Multilayered coatings of hard substances on hard metal substrates are discussed, for example, in the metallurgical journal Zeitschrift fur Metallkunde, Volume 75, No. 11, Nov. 1984, at pages 874-880. The publication mentions, for example, a ten-layer protective coating in which a hard metal substrate is coated in turn with a titanium carbide layer (TiC), a titanium carbonitride layer (Ti(C,N)) and a layer sequence of four intermediate layers and four ceramic layers based on Al2 O3. The publication also refers to a multilayered coating including layers of titanium carbide (TiC), titanium carbonitride (Ti(C,N)), and titanium nitride (TiN), and having a thickness totaling approximately 10 μ. For coating temperatures below 773° K, the physical vapor deposition (PVD) method including reactive cathode sputtering at pressures of ≦10-2 bar of N2 or Ar, was found to be useful. Although a significant improvement compared to single-layer coatings as noted above, the aforementioned insufficient characteristics of the substrate/coating system have not yet been completely eliminated.
SUMMARY OF THE INVENTION
It is an object of the present invention to provide wear resistant, protective coatings exhibiting improved adhesion, toughness and wear resistance, and to provide a method for producing such protective coatings. Surfaces or substrates having very different coefficients of expansion, such as, for example, molybdenum which has a very low coefficient of expansion, or a hard metal which has a medium coefficient of expansion, or a high-speed tool steel which has a high coefficient of expansion are to be coatable without significant curtailment of the desired characteristics of the substrate/protective coating system.
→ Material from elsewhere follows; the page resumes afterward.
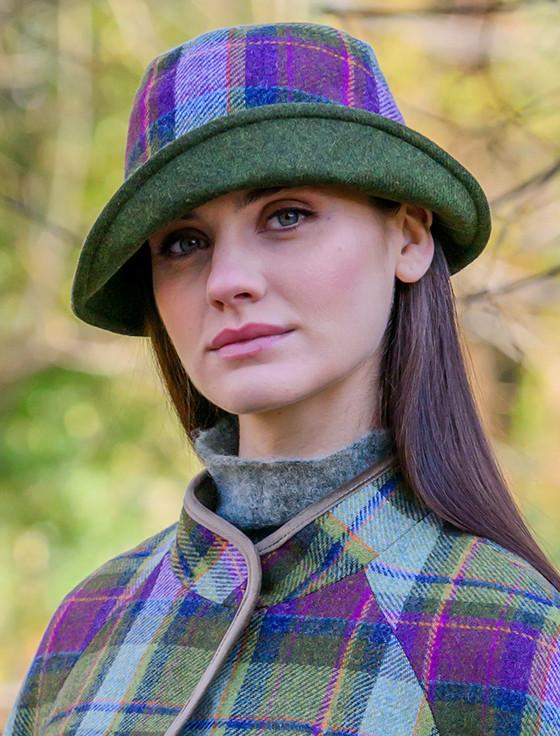 aran cashmere Ladies Tweed Clodagh Cap - Multi Vernal Plaid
This is accomplished by either of two embodiments of the protective coatings according to the present invention. In a first embodiment, a protective coating for metallic substrates includes a plurality of layers having a total thickness ranging from 0.1 to 10 μ, an individual thickness for each layer ranging from 0.5 to 40 nm, and a total number of layers which does not exceed 20,000, each layer of said plurality of layers consisting essentially of one kind of at least two kinds of crystalline hard substances and alternating with a layer of another kind of said at least two kinds of crystalline hard substances, the crystalline hard substances having phase interfaces with respect to one another which are at least crystallographically partially coherent.
In a second embodiment, a protective coating for metallic substrates includes a layer comprised of at least two kinds of crystalline hard substances having phase interfaces with respect to one another which are at least crystallographically partially coherent and having particle sizes ranging from 0.5 to 40 nm, the layer being a superfinely dispersed mixture of the at least two kinds of crystalline hard substances, wherein the number of the phase interfaces does not exceed 20,000, and the layer having a total thickness ranging from 0.1 to 10 μ.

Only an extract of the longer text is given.